To create a data pattern recognition template in the main window, it is sufficient to make sure that pattern recognition (~) is activated when creating a workflow. The template will be saved with the same name as the workflow. You may also add data pattern recognition to an existing workflow by loading data into the data pane, right clicking the workflow that you want to associate to the pattern of the loaded data, and select Create/train pattern from current data.

You may improve recognition by using Create/train pattern from current data on multiple sources of the type that you want to recognize. When you train Quantitative Commons to recognize a data source, the headers must be identical to the header row used when creating the recognition template. This is necessary for the application to decide whether a guess regarding a column is correct or not, so as to be able to improve its accuracy. When applying the pattern recognition in a non-training situation, the header row has no relevance.
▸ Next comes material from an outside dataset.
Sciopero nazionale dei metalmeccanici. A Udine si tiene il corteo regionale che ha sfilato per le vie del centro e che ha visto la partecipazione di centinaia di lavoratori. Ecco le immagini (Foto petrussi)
Applying data pattern recognition

To recognize data patterns when loading new data into Quantitative Commons, the data pattern recognition mode must be active, the Recognize source toggle must be on, and you must also tell Quantitative Commons what type of data it is expected to recognize. To do this, select the Recognize data section of the settings menu, make sure Pattern recognition method is checked, and select the type of data source to expect in the Select pattern type dropdown.

Now, as long as the data pattern recognition mode is active, Quantitative Commons will try to associate the columns of the source data to the columns defined by their data pattern in the selected template.

Creating pattern recognition in Train recognition settings

When using the Train recognition section of the settings menu to create a data pattern recognition template, the source to be recognized is abstract, and does not have to resemble any actual data.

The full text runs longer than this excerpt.